A spark flashed out of Ramón’s eyes too. Then he checked himself, and gathered himself together.

“What would be the good!” he said heavily. “If the egg was crushed, and we remained, what could we do but go howling down the empty passages of darkness. What’s the good, Cipriano?”

Ramón got up and walked away. The sun had set, the night was falling. And in his soul the great, writhing anger was alive again. Carlota provoked it into life: the two women seemed to breathe life into the black monster of his inward rage, till it began to lash again. And Cipriano stirred it up till it howled with desire.

“My manhood is like a demon howling inside me,” said Ramón to himself, in Cipriano’s words.

And he admitted the justice of the howling, his manhood being pent up, humiliated, goaded with insult inside him. And rage came over him, against Carlota, against Cipriano, against his own people, against all mankind, till he was filled with rage like the devil.
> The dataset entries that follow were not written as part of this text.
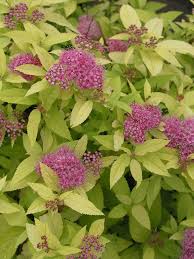 Image result for Spiraea bumalda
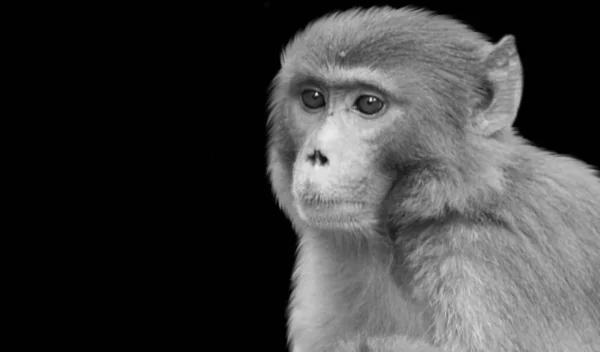 Μαύρο Και Άσπρο Μαϊμού Χαριτωμένο Πρόσωπο — Φωτογραφία Αρχείου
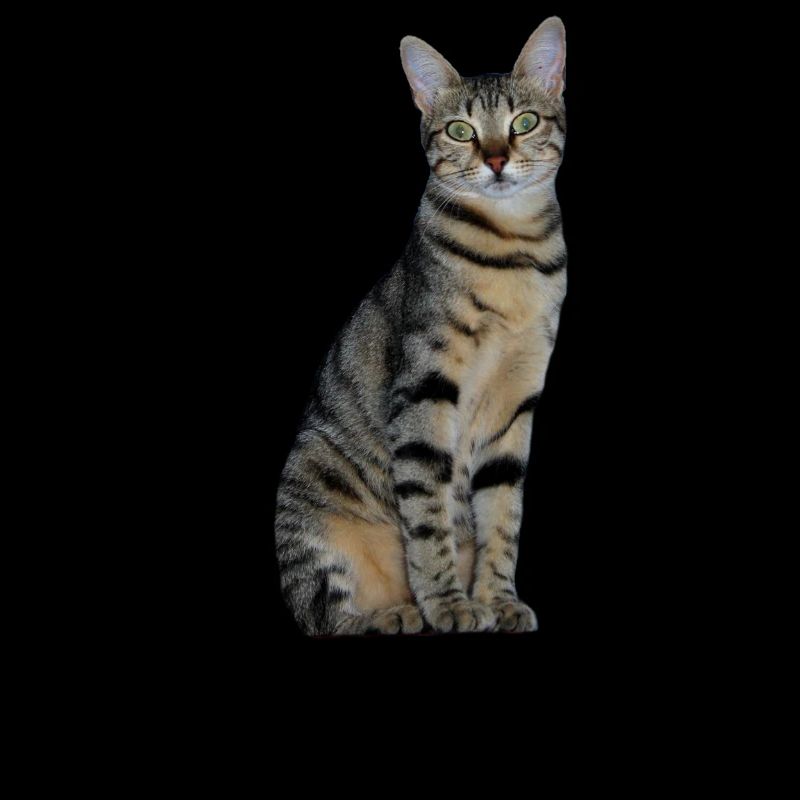 Katze Kätzchen getigert Tigerkatze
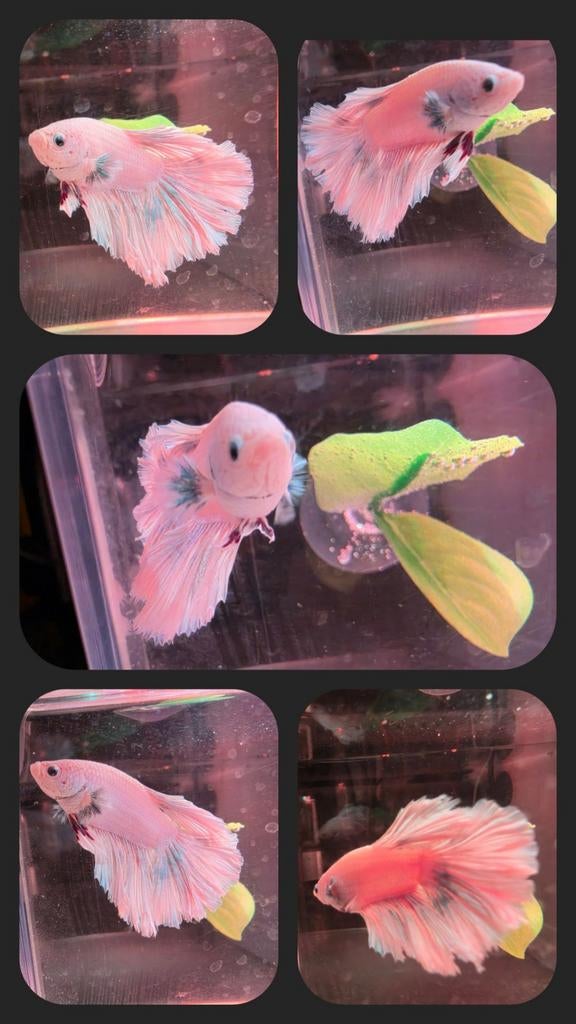 Prachtige Betta-man roze, blauw, wit, Dieren en Toebehoren, Vissen | Aquariumvissen, Vis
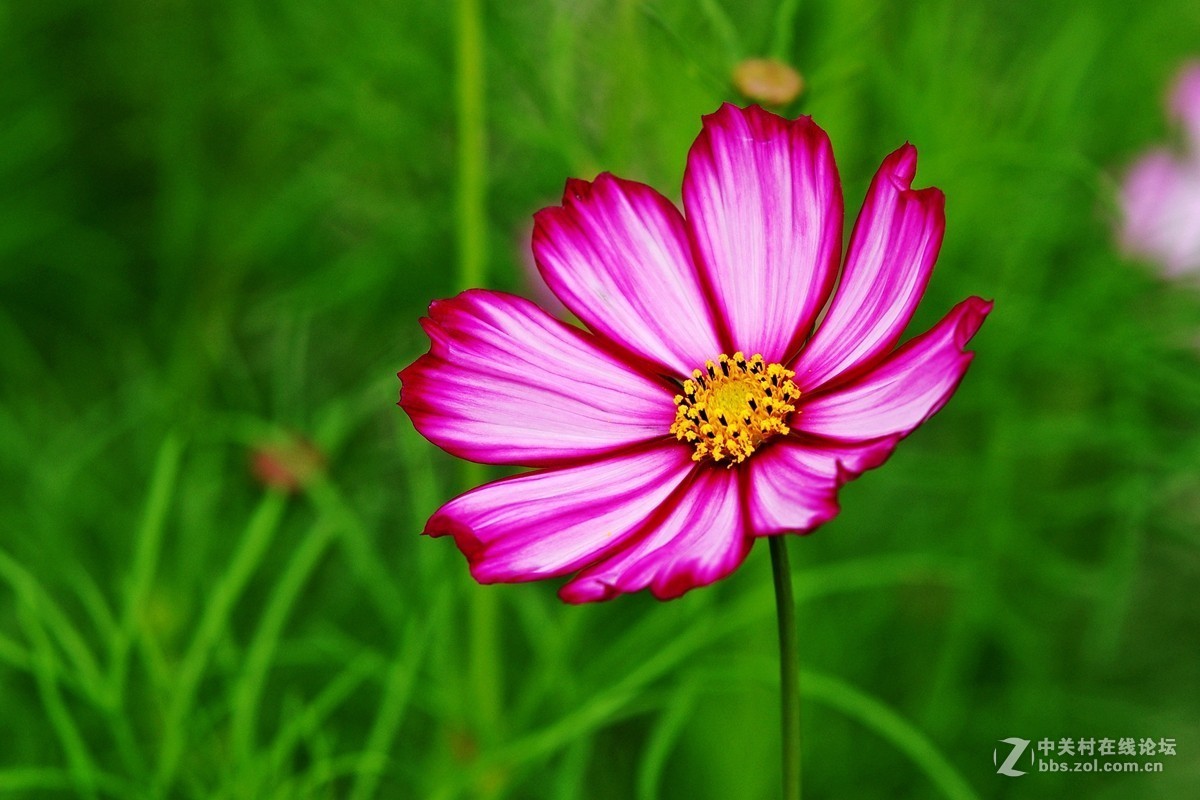 格桑花波斯菊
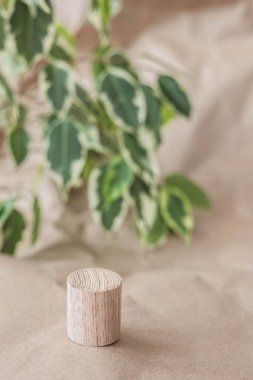 Sunum için doğal yuvarlak ahşap tezgah ve yeşil yapraklı pastel bej arka plan sergileri. Organik kozmetik ürünler için 3D boş podyum oluşturun. Boşluğu kopyala.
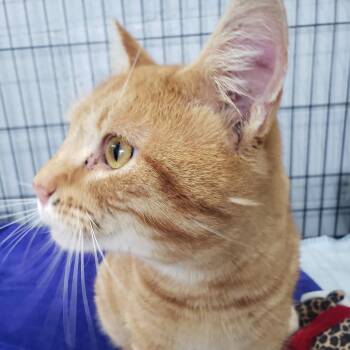 Thor Oliver -  Domestic Short Hair Cat for Adoption in Mondovi, Wisconsin - Thor Oliver | PetCurious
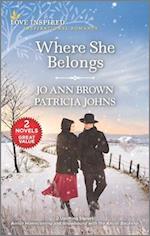 Where She Belongs/Amish Homecoming/Snowbound with the Amish Bac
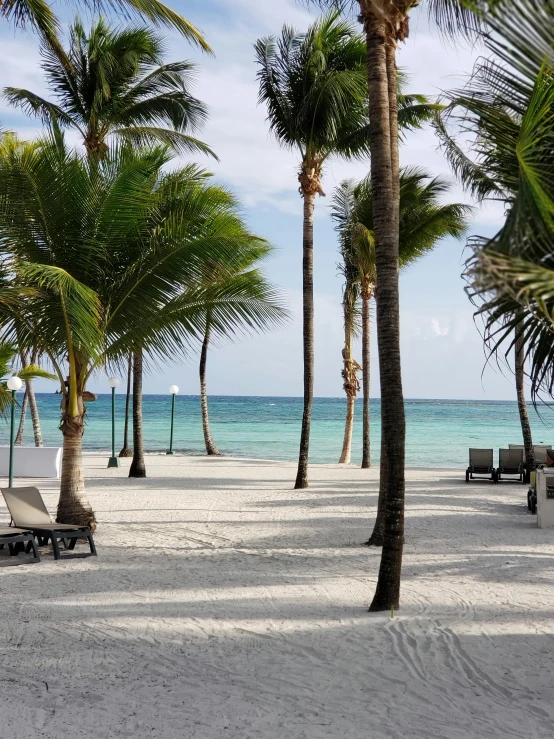 a couple of lounge chairs sitting on top of a sandy beach, coconut trees, walkway, less detailing, flatlay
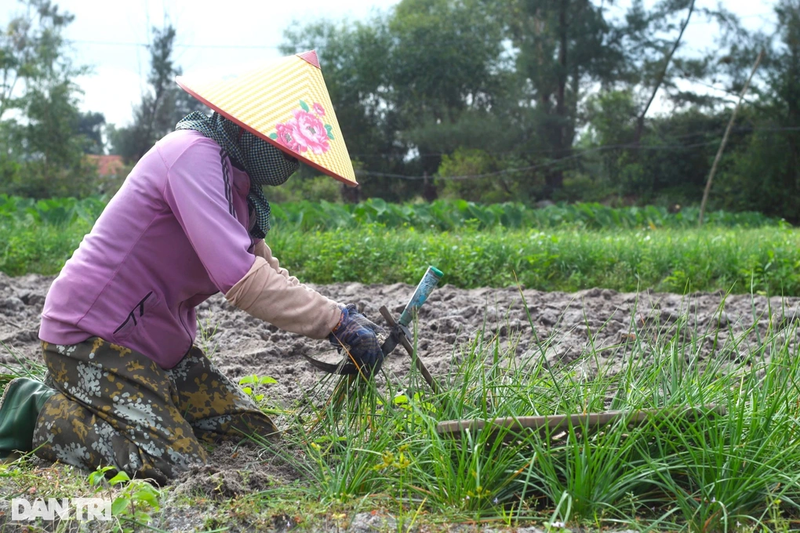 Gia ca that thuong, vua kieu Tet o Quang Nam thap thom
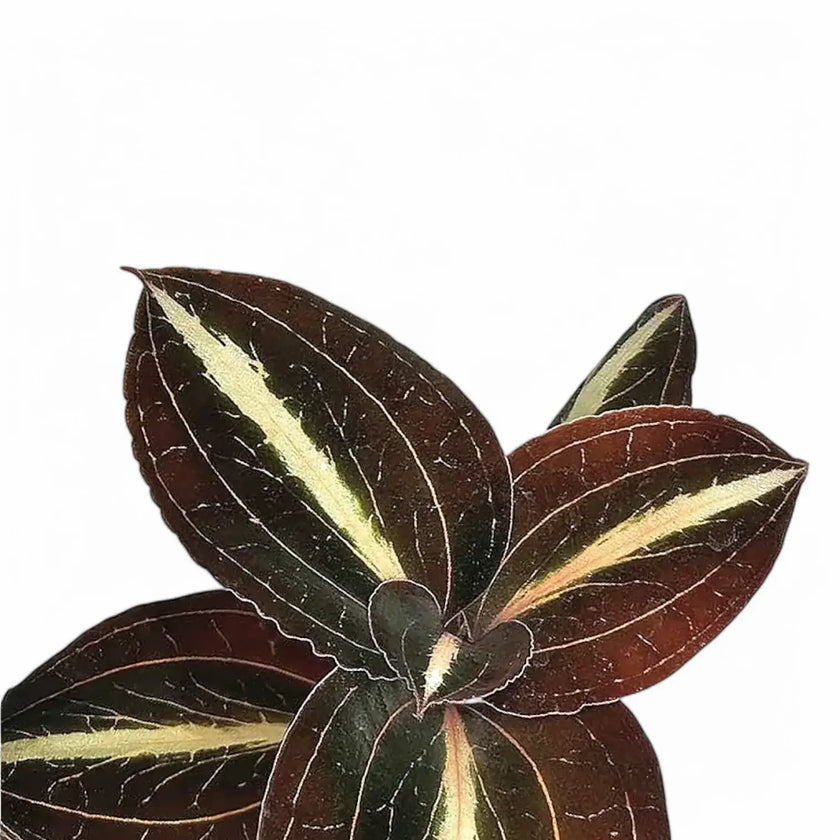 Anoectochilus lylei – Blattdetail vor weißem Hintergrund..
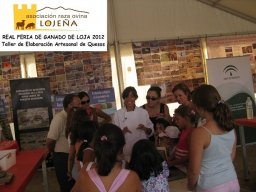 phoca_thumb_l_foto_taller_de_quesos004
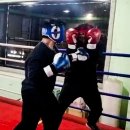 팀훅 복싱&주짓수 이미지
His people would betray him, he knew that. Cipriano would betray him. Given one little vulnerable chink, they would pierce him. They would leap at the place out of nowhere, like a tarantula, and bite in the poison.

While ever there was one little vulnerable chink. And what man can be invulnerable?

He went upstairs by the outer stairway, through the iron door at the side of the house, under the heavy trees, up to his room, and sat on his bed. The night was hot, heavy, and ominously still.

“The waters are coming,” he heard a servant say. He shut the doors of his room till it was black dark inside. Then he threw aside his clothing, saying: I put off the world with my clothes. And standing nude and invisible in the centre of his room he thrust his clenched fist upwards, with all his might, feeling he would break the walls of his chest. And his left hand hung loose, the fingers softly curving downwards.

And tense like the gush of a soundless fountain, he thrust up and reached down in the invisible dark, convulsed with passion. Till the black waves began to wash over his consciousness, over his mind, waves of darkness broke over his memory, over his being, like an incoming tide, till at last it was full tide, and he trembled, and fell to rest. Invisible in the darkness, he stood soft and relaxed, staring with wide eyes at the dark, and feeling the dark fecundity of the inner tide washing over his heart, over his belly, his mind dissolved away in the greater, dark mind, which is undisturbed by thoughts.